** Opening PROVIDED ENTRIES block **

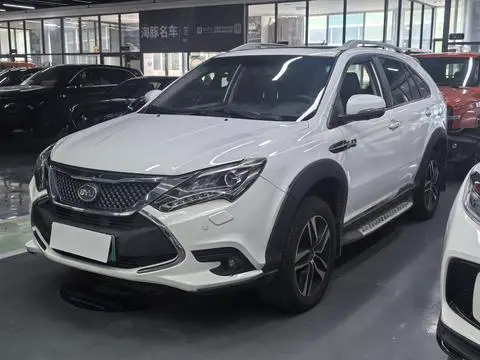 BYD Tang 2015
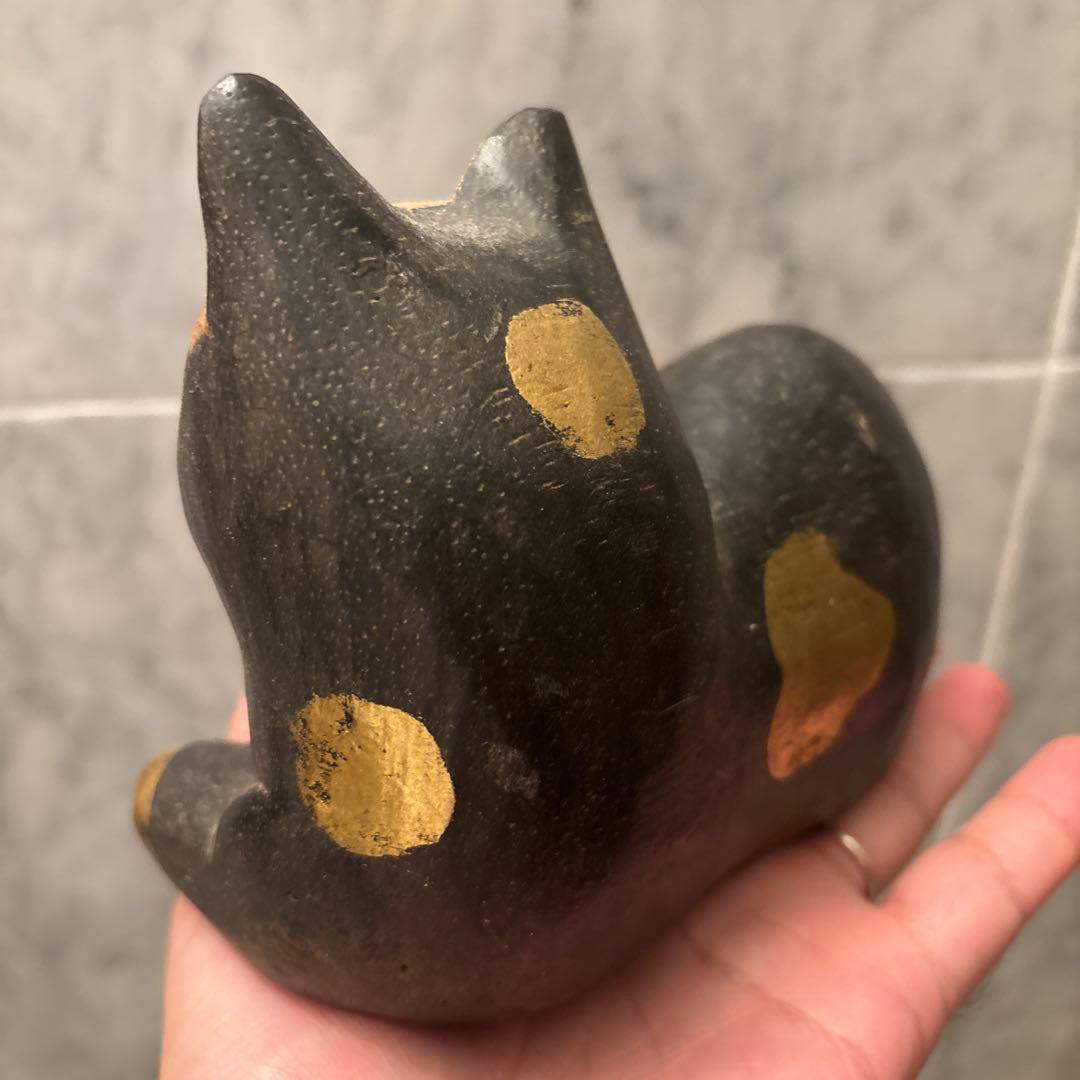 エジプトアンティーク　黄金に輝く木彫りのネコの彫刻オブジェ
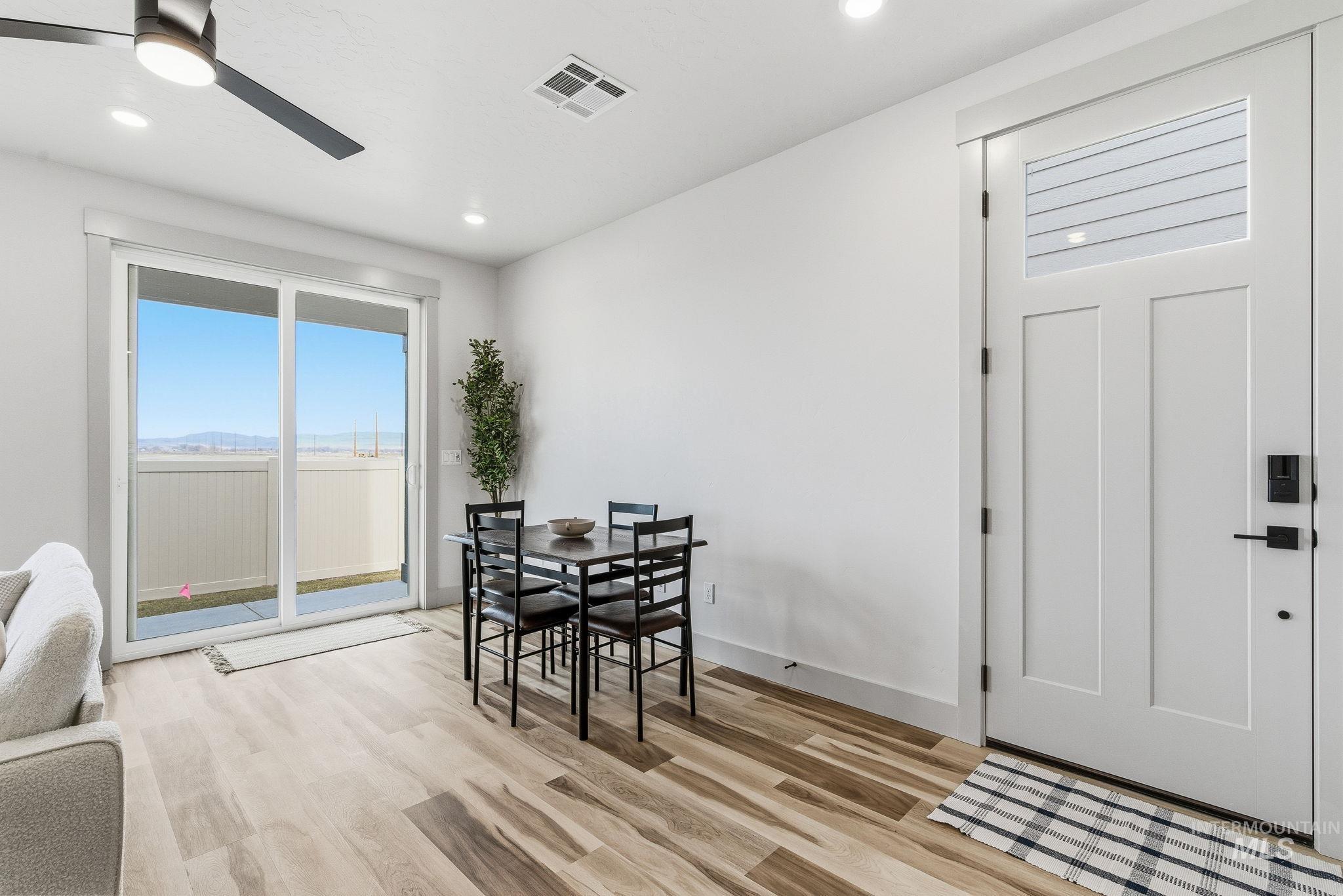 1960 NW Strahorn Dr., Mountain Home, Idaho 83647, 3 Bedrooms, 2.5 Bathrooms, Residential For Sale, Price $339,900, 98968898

** Closing PROVIDED ENTRIES block **
** Opening PROVIDED ENTRIES block **

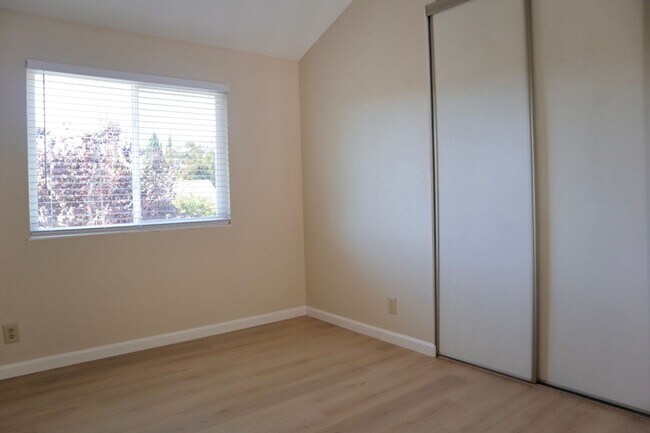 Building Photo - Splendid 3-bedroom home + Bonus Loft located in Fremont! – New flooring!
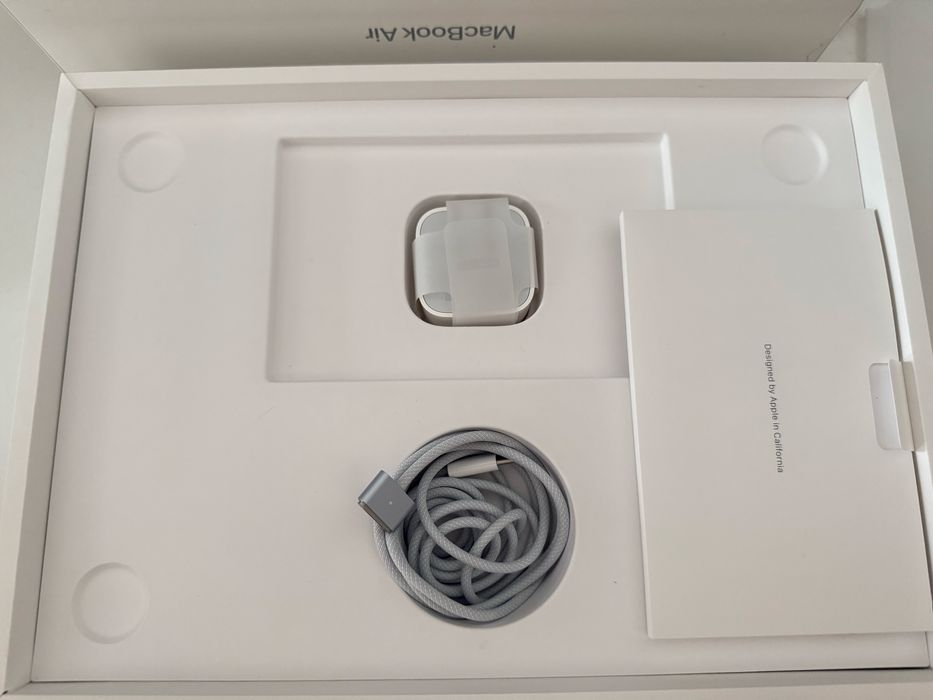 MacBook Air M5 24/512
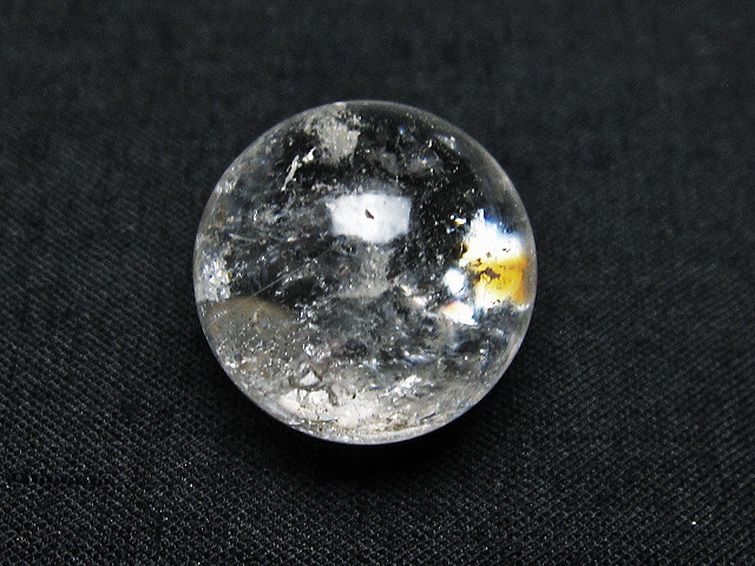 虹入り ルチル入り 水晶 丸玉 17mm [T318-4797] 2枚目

** Closing PROVIDED ENTRIES block **
** Opening PROVIDED ENTRIES block **

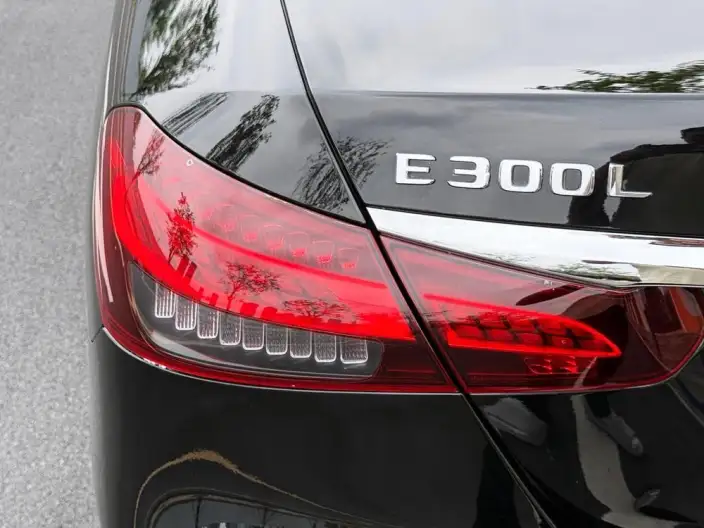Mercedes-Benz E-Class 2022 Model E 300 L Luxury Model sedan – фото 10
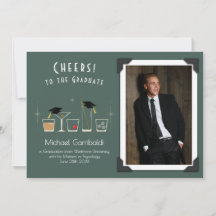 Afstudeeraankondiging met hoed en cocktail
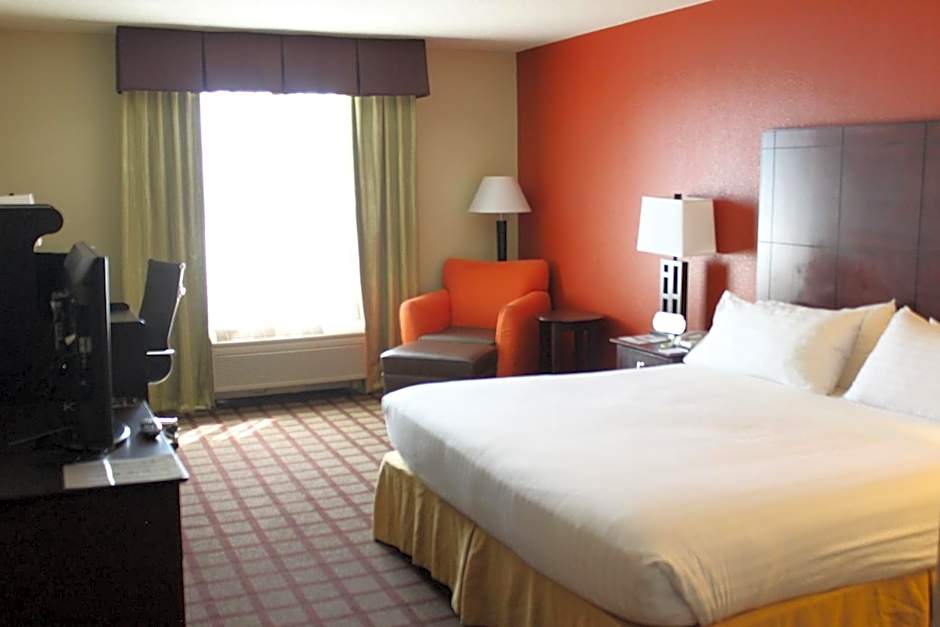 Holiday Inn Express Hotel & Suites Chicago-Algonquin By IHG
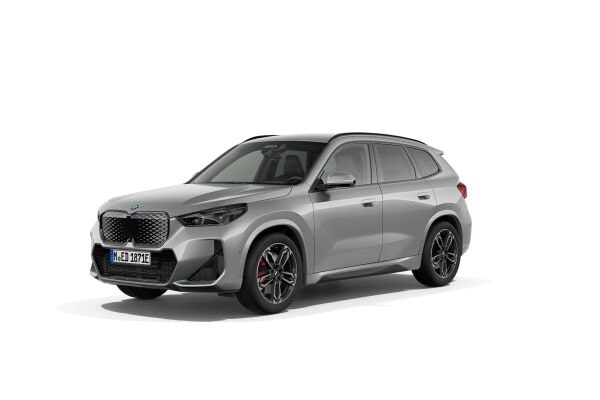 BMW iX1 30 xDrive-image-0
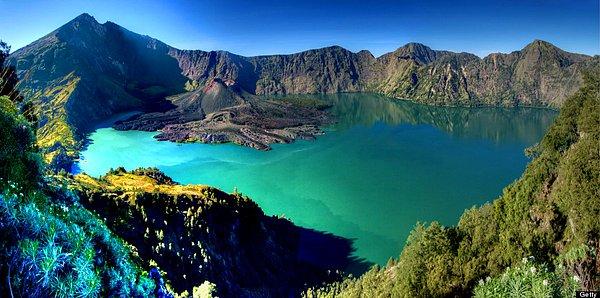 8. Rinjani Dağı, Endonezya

** Closing PROVIDED ENTRIES block **

Reproduce the lines above starting at the one with "エジプトアンティーク　黄金に輝く木彫りのネコの彫刻オブジェ" and ending at the one with "1960 NW Strahorn", both included, exactly and with no pictures.

 エジプトアンティーク　黄金に輝く木彫りのネコの彫刻オブジェ
 1960 NW Strahorn Dr., Mountain Home, Idaho 83647, 3 Bedrooms, 2.5 Bathrooms, Residential For Sale, Price $339,900, 98968898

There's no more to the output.